|
Steven Emerson,
Executive Director
|
October 18, 2016
|
|
Islamists'
Double Standards on FBI's Use of Informants
IPT News
October 18, 2016
|
|
|
Share:
|
Be the
first of your friends to like this.
American Islamists
routinely criticize law enforcement sting operations involving
Muslim terrorism suspects as "entrapment" and condemn the use of "agent provocateurs." But
the role of an FBI informant last week in thwarting a planned bombing attack by a militia group targeting the Somali
Muslim immigrant community in Kansas failed to evoke a similar reaction.

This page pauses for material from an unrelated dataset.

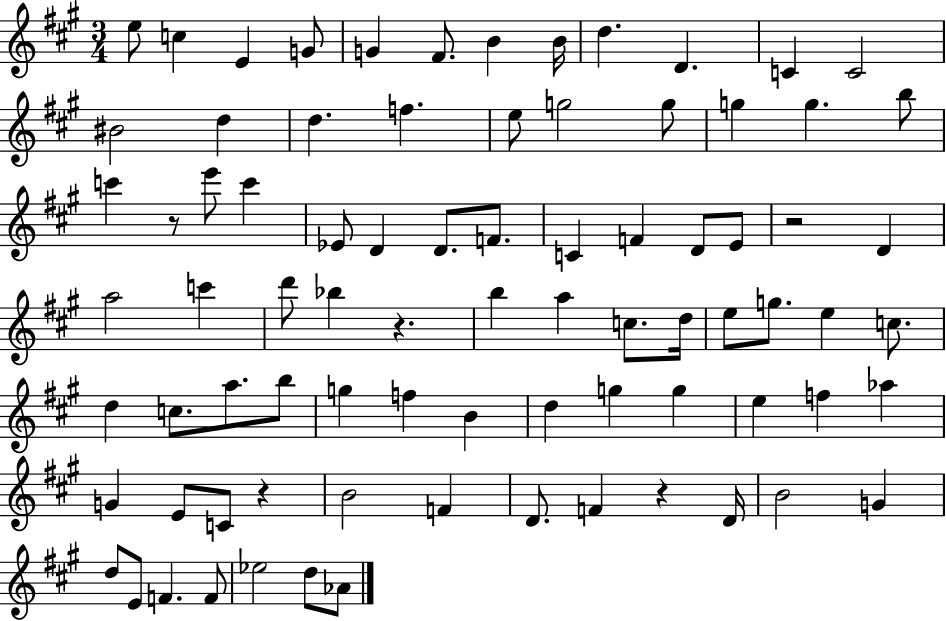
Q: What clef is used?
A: treble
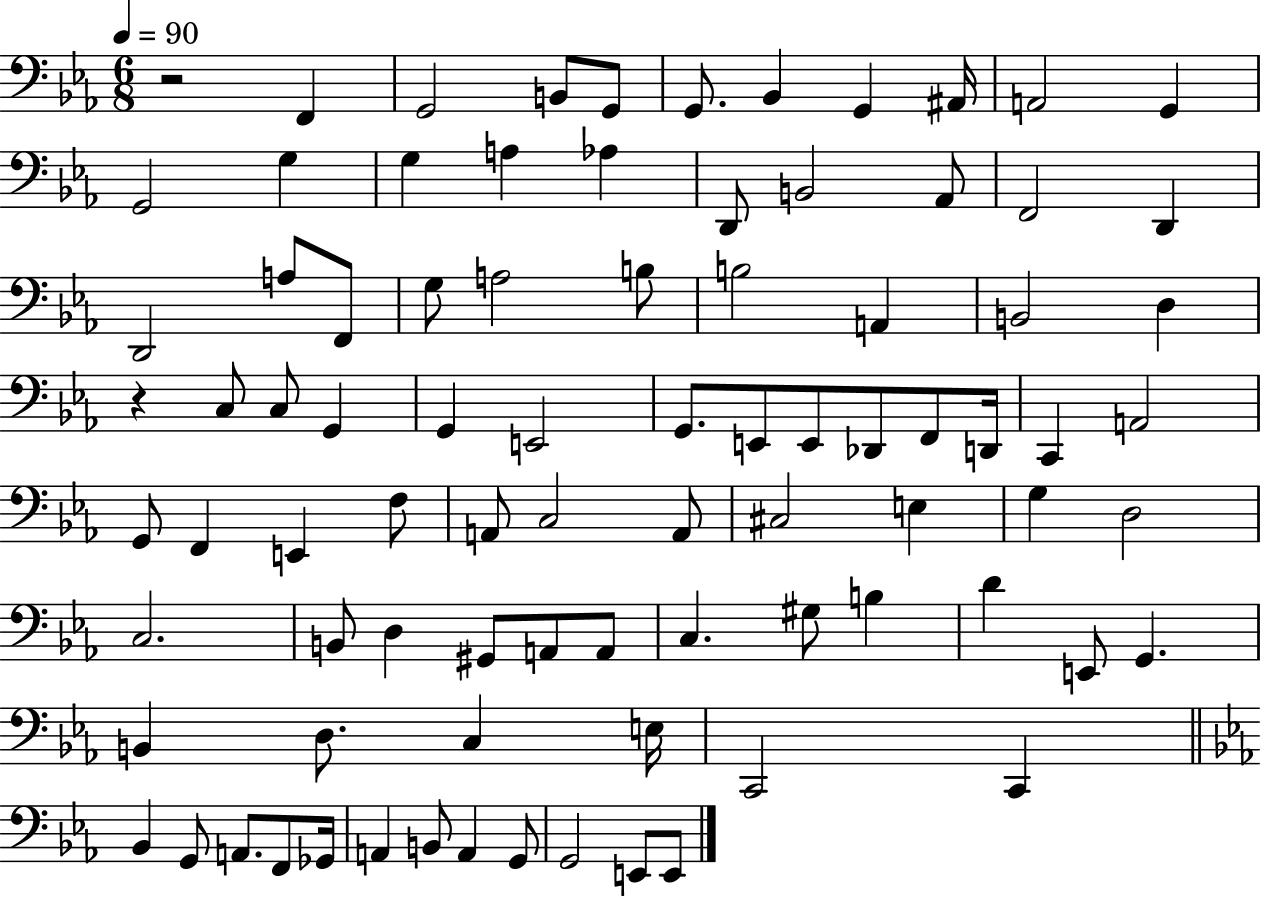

This time, Islamists applauded FBI agents for the successful undercover investigation against three
Kansas men who wanted to blow up a mosque and an apartment complex in
Garden City that housed a large number of Somali immigrants. The men were
alleged to be part of a militia group that called itself "the
Crusaders" and championed "sovereign citizen, anti-government,
anti-Muslim, and anti-immigrant extremist beliefs."
The investigation started with a tip from a confidential informant who
heard "Crusaders" members talking about attacking Muslims, an FBI
affidavit said. The informant later recorded similar
conversations, including one in June in which defendant Patrick Eugene
Stein allegedly talked about targeting Garden City apartment
buildings.
"I mean I wouldn't be against if I could get a hold of some RPG's
(rocket propelled grenades), I'll run some RPG's right through...I'll blow
every goddamn building up right there...boom...I'm outta there," Stein
said, according to the affidavit.
The investigation also included an undercover FBI agent, who offered to sell
the suspects automatic weapons.
By all accounts, it appears law enforcement did save the people of
Garden City from a horrific act of terrorism.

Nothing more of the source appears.